#### ABOUT THIS EXERCISE
Word for word, copy out every line of the records, omitting each picture.

Segment Start: STUDY MATERIAL

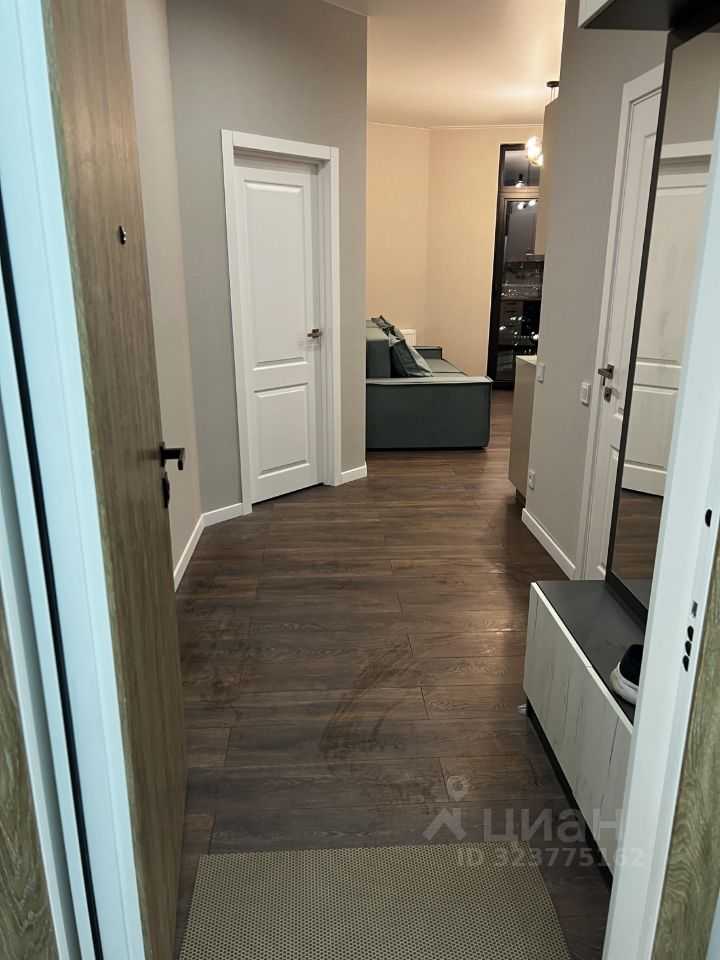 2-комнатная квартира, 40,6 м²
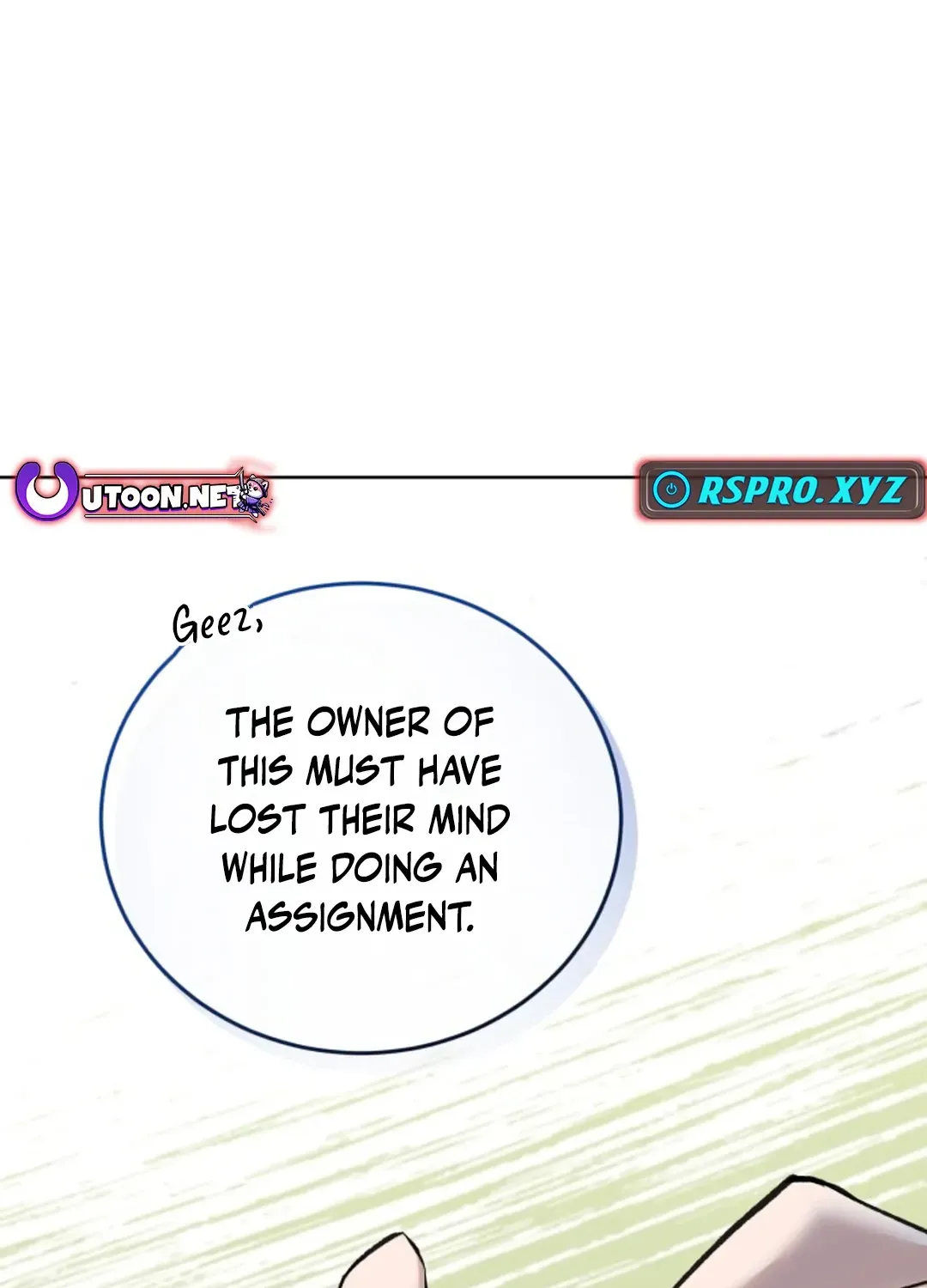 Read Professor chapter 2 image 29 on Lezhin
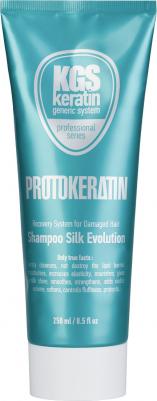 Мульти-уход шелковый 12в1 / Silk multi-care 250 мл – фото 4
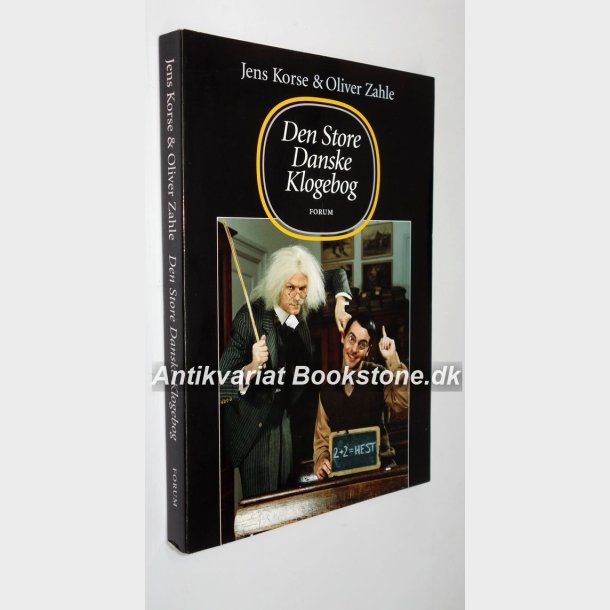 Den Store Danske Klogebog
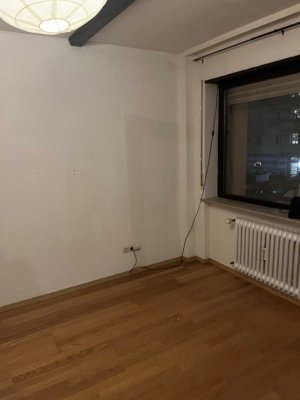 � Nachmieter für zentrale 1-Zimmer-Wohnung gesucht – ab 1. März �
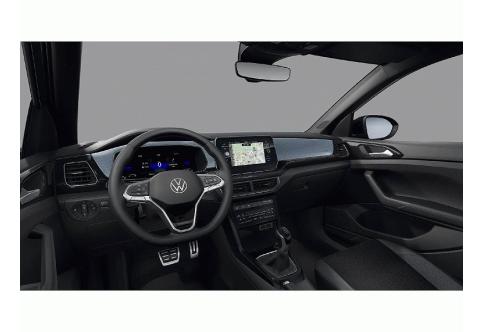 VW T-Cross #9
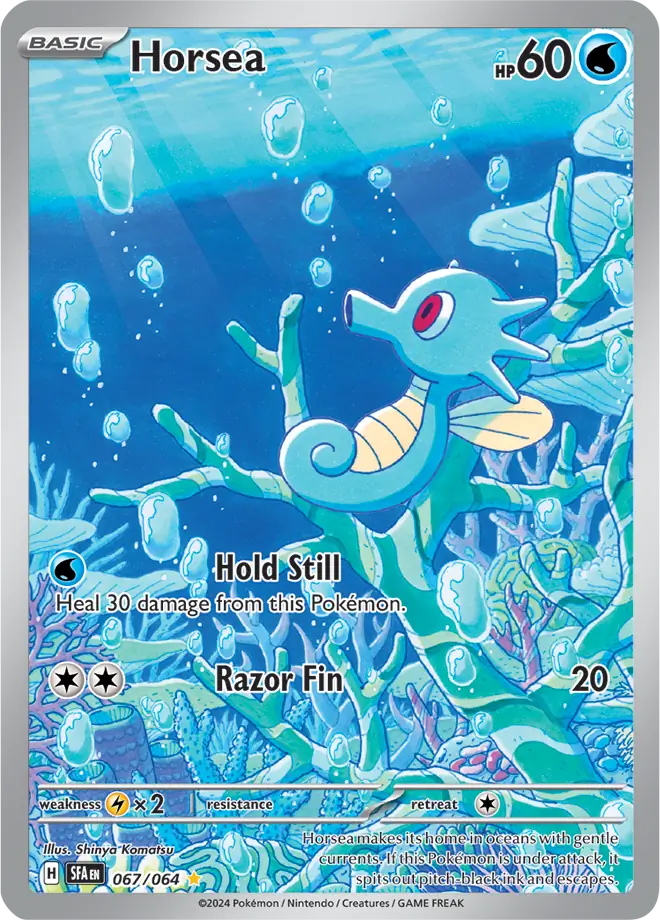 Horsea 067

Segment End: STUDY MATERIAL

#### WRITTEN RESPONSE
 2-комнатная квартира, 40,6 м²
 Read Professor chapter 2 image 29 on Lezhin
 Мульти-уход шелковый 12в1 / Silk multi-care 250 мл – фото 4
 Den Store Danske Klogebog
 � Nachmieter für zentrale 1-Zimmer-Wohnung gesucht – ab 1. März �
 VW T-Cross #9
 Horsea 067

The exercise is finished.